Paulo Eduardo de Sousa Hofacker; Hugo Abi Karam

doi:10.11137/1982-3908_2025_48_59636

Authors

Paulo Eduardo de Souza Hofacker Universidade Federal do Rio de Janeiro, Instituto de Geociências, Programa de Pós-Graduação em Meteorologia https://orcid.org/0000-0002-6704-1224
Hugo Abi Karam Universidade Federal do Rio de Janeiro, Instituto de Geociências, Departamento de Meteorologia https://orcid.org/0000-0002-0154-5569

DOI:

https://doi.org/10.11137/1982-3908_2025_48_59636

Keywords:

Landslide prediction, Covariate interaction models, Rainfall intensity-duration product

Abstract

This study develops linear regression models incorporating covariate interaction terms to estimate landslide frequency as a function of cumulative precipitation in Rio de Janeiro, Brazil, under varying temporal distributions of landslides during critical rainfall episodes. Leveraging landslide inventories and high-resolution precipitation data (2000–2005) from the Alerta-Rio monitoring system, the models were calibrated using pluviometric predictors, including hourly intensity, 24-hour cumulative rainfall (R24), and 96-hour cumulative rainfall (R96). A non-linear interaction term, termed rainfall power (defined as the product of hourly rainfall intensity and R24), was introduced to capture intensity-duration dependencies. Results demonstrated significant explanatory power, with coefficients of determination (R2) exceeding 50% across models. The rainfall power-integrated model achieved high performance (R2>90%; p<0.001), underscoring the critical role of non-linear hydro-meteorological interactions in landslide triggering mechanisms. While linear frameworks provided a baseline for risk estimation, residual analysis revealed systematic biases in scenarios with high precipitation variability, necessitating advanced non-linear methodologies (e.g., Poisson regression or generalized linear models with log-link functions).

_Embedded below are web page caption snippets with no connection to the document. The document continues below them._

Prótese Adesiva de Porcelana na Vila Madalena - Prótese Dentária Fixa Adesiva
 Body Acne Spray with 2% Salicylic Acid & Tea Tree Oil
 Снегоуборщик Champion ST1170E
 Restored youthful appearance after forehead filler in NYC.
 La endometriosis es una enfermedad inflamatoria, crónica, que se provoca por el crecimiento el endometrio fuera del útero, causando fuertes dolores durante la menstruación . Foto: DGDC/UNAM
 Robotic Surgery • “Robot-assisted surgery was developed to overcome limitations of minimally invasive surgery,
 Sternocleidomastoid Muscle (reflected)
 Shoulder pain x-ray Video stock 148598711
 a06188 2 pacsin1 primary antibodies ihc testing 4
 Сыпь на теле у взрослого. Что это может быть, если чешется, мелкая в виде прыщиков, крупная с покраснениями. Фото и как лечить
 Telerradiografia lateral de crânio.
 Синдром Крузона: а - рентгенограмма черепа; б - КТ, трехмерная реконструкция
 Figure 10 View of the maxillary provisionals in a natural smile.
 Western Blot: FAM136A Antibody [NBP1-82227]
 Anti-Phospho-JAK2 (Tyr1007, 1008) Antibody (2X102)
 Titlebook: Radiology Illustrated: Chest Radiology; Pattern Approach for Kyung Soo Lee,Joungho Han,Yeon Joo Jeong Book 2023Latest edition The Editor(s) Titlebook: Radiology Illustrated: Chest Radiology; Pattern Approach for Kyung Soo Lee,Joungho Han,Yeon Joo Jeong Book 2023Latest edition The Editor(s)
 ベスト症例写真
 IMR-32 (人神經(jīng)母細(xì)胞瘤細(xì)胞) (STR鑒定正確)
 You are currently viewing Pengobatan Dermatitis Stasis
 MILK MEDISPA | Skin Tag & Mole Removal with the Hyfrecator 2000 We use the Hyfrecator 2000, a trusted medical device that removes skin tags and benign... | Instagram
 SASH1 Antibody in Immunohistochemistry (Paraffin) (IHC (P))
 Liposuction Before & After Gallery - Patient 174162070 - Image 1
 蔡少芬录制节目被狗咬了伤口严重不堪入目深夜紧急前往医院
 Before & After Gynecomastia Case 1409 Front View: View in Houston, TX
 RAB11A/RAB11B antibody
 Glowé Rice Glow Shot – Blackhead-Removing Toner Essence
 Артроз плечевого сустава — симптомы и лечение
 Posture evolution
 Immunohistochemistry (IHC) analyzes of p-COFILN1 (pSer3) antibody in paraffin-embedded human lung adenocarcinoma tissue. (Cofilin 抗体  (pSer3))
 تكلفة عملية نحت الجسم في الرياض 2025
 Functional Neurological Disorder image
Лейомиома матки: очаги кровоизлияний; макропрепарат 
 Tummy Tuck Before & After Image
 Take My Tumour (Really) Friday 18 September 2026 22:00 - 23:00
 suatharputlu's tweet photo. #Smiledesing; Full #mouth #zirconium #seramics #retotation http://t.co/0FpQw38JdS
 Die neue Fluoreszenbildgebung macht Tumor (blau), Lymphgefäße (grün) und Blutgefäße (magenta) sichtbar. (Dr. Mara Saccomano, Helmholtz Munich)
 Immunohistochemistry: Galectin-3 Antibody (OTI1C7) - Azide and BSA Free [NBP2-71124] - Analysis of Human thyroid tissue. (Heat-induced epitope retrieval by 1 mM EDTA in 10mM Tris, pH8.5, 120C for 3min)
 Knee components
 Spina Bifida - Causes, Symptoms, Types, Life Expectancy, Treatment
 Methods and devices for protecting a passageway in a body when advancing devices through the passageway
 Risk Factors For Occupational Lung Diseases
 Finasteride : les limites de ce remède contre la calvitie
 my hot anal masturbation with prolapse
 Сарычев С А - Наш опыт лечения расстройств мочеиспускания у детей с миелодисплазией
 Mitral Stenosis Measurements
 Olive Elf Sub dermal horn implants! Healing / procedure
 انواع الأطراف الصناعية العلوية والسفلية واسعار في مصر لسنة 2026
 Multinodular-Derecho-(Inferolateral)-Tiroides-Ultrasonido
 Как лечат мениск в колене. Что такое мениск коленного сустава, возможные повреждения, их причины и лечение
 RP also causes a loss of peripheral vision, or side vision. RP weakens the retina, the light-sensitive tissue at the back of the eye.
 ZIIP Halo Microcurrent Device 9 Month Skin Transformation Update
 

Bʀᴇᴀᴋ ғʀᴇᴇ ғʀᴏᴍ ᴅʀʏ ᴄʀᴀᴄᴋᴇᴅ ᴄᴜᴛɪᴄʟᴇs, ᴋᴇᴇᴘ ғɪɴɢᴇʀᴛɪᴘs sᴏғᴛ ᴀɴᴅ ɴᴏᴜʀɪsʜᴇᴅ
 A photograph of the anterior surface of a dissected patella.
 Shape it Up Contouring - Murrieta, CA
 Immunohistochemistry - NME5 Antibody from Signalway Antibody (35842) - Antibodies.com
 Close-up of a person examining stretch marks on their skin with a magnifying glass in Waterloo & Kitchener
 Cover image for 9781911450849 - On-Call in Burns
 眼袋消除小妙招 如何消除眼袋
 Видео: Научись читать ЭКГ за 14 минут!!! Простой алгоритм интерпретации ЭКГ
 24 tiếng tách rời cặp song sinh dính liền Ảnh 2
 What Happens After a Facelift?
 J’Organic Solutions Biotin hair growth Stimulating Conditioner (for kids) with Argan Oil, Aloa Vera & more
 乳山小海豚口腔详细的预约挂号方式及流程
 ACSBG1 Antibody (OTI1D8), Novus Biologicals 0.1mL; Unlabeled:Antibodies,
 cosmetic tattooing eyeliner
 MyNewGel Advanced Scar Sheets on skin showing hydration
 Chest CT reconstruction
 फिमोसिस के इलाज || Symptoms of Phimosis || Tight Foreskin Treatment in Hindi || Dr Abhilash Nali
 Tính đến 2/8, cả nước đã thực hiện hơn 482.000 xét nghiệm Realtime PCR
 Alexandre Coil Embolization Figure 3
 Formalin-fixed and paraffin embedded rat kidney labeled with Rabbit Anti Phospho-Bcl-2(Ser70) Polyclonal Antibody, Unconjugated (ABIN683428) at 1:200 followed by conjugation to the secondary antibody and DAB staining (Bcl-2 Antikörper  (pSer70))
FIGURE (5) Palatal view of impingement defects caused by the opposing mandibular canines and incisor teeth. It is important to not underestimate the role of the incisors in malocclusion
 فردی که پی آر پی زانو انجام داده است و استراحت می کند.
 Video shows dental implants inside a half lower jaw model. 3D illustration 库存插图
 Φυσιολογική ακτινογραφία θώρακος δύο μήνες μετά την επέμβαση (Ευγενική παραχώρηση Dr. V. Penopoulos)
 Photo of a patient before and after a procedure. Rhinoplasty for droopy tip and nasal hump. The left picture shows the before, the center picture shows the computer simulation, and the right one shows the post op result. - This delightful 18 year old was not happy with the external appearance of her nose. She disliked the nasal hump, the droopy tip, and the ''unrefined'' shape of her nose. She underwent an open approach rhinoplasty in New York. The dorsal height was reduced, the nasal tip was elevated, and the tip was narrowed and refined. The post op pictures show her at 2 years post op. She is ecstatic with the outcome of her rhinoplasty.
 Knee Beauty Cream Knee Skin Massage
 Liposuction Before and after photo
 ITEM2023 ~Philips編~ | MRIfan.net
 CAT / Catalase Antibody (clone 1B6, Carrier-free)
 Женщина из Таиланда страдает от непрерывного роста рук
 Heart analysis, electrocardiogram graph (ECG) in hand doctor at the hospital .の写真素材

These findings highlight the potential of covariance-driven regression for operational nowcasting systems, enabling real-time landslide risk quantification. However, model generalizability remains constrained by the omission of geo-environmental covariates (e.g., soil saturation thresholds, slope stability indices). Future work should prioritize multi-hazard validation using post-2005 extreme events and integrate geospatial data layers to refine spatial-explicit risk forecasts. This approach bridges empirical rainfall-landslide correlations with scalable early-warning frameworks, advancing disaster preparedness in tropical urban environments.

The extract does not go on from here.